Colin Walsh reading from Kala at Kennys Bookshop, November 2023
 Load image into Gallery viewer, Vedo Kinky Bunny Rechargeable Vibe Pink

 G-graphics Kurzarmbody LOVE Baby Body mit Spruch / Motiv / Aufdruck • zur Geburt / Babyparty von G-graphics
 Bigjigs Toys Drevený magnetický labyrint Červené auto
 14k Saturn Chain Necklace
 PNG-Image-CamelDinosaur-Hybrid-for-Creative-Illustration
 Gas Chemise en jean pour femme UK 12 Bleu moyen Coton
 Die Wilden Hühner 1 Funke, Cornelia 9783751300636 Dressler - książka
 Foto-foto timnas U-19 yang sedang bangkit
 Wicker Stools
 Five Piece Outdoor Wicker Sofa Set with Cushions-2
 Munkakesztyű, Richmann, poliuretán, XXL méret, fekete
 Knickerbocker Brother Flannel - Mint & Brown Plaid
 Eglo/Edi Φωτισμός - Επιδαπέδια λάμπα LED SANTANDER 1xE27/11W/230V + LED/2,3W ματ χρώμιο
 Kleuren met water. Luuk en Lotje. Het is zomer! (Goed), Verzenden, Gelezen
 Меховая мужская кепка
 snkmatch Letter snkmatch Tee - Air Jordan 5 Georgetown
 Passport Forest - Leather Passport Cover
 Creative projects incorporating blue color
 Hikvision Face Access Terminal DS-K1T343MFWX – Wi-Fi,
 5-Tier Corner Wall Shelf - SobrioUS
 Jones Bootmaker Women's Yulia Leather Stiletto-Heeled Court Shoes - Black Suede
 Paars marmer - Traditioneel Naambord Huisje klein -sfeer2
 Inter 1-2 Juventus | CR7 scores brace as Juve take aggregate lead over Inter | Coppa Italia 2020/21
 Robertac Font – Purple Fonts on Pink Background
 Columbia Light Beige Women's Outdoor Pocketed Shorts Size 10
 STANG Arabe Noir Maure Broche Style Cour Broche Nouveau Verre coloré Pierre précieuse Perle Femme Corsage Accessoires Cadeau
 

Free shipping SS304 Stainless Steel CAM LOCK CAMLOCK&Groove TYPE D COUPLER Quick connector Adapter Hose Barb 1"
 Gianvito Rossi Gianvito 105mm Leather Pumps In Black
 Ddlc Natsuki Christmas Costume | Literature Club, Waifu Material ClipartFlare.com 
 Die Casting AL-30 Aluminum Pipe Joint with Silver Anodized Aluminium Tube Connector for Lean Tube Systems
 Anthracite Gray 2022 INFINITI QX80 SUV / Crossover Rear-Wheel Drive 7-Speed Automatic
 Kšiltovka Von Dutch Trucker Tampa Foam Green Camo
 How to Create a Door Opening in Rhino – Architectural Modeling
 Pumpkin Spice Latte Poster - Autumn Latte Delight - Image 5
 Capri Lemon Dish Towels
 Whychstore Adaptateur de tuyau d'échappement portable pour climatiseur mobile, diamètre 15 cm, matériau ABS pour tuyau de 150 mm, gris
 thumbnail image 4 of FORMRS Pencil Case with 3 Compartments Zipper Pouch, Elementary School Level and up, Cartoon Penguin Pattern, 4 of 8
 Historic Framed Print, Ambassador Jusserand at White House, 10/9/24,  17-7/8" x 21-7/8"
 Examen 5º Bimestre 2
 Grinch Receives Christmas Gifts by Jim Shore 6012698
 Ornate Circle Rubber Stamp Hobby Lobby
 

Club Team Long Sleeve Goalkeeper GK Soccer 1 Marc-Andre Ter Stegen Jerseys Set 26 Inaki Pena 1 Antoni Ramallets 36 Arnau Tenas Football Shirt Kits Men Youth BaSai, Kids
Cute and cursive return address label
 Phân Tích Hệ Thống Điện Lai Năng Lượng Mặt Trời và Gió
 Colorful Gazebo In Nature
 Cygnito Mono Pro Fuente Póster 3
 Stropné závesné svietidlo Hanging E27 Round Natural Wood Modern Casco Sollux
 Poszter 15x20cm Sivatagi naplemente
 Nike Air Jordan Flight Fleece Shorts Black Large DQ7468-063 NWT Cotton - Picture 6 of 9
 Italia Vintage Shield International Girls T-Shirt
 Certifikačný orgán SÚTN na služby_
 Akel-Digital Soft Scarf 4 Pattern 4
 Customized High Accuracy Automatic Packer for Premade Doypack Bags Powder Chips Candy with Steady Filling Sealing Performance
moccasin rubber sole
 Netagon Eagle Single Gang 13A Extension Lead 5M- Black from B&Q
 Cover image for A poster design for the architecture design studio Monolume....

__________

*Problem requirements*: Using the listing above, copy exactly the line that contains "Wicker Stools", the line that contains "Gianvito Rossi Gianvito", and each line that falls between them.

*Task response*:
 Wicker Stools
 Five Piece Outdoor Wicker Sofa Set with Cushions-2
 Munkakesztyű, Richmann, poliuretán, XXL méret, fekete
 Knickerbocker Brother Flannel - Mint & Brown Plaid
 Eglo/Edi Φωτισμός - Επιδαπέδια λάμπα LED SANTANDER 1xE27/11W/230V + LED/2,3W ματ χρώμιο
 Kleuren met water. Luuk en Lotje. Het is zomer! (Goed), Verzenden, Gelezen
 Меховая мужская кепка
 snkmatch Letter snkmatch Tee - Air Jordan 5 Georgetown
 Passport Forest - Leather Passport Cover
 Creative projects incorporating blue color
 Hikvision Face Access Terminal DS-K1T343MFWX – Wi-Fi,
 5-Tier Corner Wall Shelf - SobrioUS
 Jones Bootmaker Women's Yulia Leather Stiletto-Heeled Court Shoes - Black Suede
 Paars marmer - Traditioneel Naambord Huisje klein -sfeer2
 Inter 1-2 Juventus | CR7 scores brace as Juve take aggregate lead over Inter | Coppa Italia 2020/21
 Robertac Font – Purple Fonts on Pink Background
 Columbia Light Beige Women's Outdoor Pocketed Shorts Size 10
 STANG Arabe Noir Maure Broche Style Cour Broche Nouveau Verre coloré Pierre précieuse Perle Femme Corsage Accessoires Cadeau
 

Free shipping SS304 Stainless Steel CAM LOCK CAMLOCK&Groove TYPE D COUPLER Quick connector Adapter Hose Barb 1"
 Gianvito Rossi Gianvito 105mm Leather Pumps In Black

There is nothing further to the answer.